There is also a more strategic consideration for Ankara to weigh up amid the anti-IS campaign. The US and some European countries have started arming Iraqi Kurd militias, who found themselves one of the few armed forces on the ground that can fight back the Islamists.

Turkey fears that those weapons may end up in the hands of the Kurdistan Workers’ Party (PKK), an organization considered terrorist by Ankara due to its history of separatist violence in the country. The concerns were discussed with US Secretary of Defense Chuck Hagel, who held closed-door talks with Turkish officials on Monday.

The inflow of arms, which would be part of the US-led anti-IS campaign is a matter of concern for another neighbor of both Syria and Iraq, Jordan. The Arab ally of Washington is concerned with the plans to arm and train more fighters of the Free Syrian Army, a supposedly moderate militant force fighting against the Syrian government.

The planned ramp-up of support of the group is hoped to counterbalance the newfound strength of the IS. The FSA would then be able to fight against the IS as well as the Syrian government forces, the plan goes.

But the Syrian government is far from being sure that the FSA now is as moderate as Washington paints them to be, reports the World News Daily, a US conservative news website. The report cites a senior Jordanian security official as saying that Amman views the Syrian rebel group in its current state as ideologically close to extremists like the Al-Qaeda-linked Al-Nusra Front and the IS itself.

An image grab taken from a propaganda video uploaded on June 11, 2014 by jihadist group the Islamic State of Iraq and the Levant (ISIL) allegedly shows ISIL militants gathering at an undisclosed location in Iraq's Nineveh province. (AFP Photo)

In addition to practical considerations, America’s plans raise legal questions.

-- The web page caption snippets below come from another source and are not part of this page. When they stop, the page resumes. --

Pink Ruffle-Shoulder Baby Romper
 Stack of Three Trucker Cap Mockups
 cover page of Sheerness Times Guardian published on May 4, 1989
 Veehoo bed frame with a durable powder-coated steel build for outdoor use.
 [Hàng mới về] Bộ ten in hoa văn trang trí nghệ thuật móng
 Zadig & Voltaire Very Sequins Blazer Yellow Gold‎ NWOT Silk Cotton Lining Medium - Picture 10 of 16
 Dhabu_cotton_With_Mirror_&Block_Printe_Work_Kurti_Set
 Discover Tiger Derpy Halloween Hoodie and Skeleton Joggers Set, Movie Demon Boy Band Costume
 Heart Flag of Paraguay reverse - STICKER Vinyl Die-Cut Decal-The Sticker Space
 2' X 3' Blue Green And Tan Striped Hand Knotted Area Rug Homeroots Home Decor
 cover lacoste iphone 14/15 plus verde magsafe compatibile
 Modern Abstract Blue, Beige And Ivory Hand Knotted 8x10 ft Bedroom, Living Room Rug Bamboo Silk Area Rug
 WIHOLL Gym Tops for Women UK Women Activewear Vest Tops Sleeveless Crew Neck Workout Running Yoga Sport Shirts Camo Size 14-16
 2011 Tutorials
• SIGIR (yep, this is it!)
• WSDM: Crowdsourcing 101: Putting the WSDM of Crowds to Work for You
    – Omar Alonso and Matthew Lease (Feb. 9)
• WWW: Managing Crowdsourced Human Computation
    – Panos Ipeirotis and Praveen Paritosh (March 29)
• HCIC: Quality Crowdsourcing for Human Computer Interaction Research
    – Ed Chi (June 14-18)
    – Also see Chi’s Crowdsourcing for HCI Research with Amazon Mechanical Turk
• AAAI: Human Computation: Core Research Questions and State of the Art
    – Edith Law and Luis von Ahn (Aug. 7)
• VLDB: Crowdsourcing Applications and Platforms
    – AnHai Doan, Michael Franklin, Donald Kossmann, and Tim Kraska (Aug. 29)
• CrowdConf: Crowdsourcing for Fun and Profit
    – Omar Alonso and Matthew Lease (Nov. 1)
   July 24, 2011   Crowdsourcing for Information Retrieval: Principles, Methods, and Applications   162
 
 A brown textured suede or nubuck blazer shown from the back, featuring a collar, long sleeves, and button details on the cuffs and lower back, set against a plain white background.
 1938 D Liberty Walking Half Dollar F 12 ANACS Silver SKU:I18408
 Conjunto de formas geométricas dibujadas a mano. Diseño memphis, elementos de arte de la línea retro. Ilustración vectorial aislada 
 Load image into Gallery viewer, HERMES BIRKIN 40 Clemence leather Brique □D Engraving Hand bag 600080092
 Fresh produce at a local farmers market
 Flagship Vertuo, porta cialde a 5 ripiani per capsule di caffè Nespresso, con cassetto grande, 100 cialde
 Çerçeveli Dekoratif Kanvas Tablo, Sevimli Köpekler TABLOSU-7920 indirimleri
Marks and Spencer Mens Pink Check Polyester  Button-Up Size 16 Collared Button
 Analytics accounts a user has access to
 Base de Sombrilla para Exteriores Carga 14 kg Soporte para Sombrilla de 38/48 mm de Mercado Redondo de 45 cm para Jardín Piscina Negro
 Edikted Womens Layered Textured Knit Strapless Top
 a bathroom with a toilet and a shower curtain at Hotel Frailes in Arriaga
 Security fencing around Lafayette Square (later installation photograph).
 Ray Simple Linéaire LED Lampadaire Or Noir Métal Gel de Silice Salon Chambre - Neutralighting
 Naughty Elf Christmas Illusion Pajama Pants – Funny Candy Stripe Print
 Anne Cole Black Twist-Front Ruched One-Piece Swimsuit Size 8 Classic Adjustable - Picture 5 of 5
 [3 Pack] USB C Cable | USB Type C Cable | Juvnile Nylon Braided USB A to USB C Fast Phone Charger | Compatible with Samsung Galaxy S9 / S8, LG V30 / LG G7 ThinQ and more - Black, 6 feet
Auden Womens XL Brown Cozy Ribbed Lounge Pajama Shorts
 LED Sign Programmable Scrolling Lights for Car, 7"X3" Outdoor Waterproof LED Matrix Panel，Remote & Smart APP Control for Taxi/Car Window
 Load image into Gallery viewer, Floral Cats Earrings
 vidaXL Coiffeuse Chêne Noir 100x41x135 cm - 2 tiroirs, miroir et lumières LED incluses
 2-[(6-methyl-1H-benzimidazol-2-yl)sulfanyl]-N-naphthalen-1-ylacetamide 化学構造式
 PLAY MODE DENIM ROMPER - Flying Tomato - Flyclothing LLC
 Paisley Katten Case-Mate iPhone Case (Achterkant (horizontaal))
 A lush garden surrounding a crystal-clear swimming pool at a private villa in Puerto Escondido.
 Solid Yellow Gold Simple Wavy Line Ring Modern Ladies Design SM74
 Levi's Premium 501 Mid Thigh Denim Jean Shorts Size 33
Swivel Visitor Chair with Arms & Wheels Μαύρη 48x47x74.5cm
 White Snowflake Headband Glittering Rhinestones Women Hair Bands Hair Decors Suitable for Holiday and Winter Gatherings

Washington said it may bomb the IS in Syria as well as in Iraq. While Baghdad invited and welcomed the military action in its territory, Damascus warned that it would treat any such move unsanctioned by the Syrian government as an act of aggression. Washington said it would not seek such permission.

A UN Security Council mandate might authorize military action in Syria despite the objections from Damascus, but obtaining one would require consent from Russia and China, who have veto power in the international security body. Russia already backed Syria’s concerns, saying that if a US airstrike happened to hit government forces, it would “have grave consequences in terms of escalation of tension.”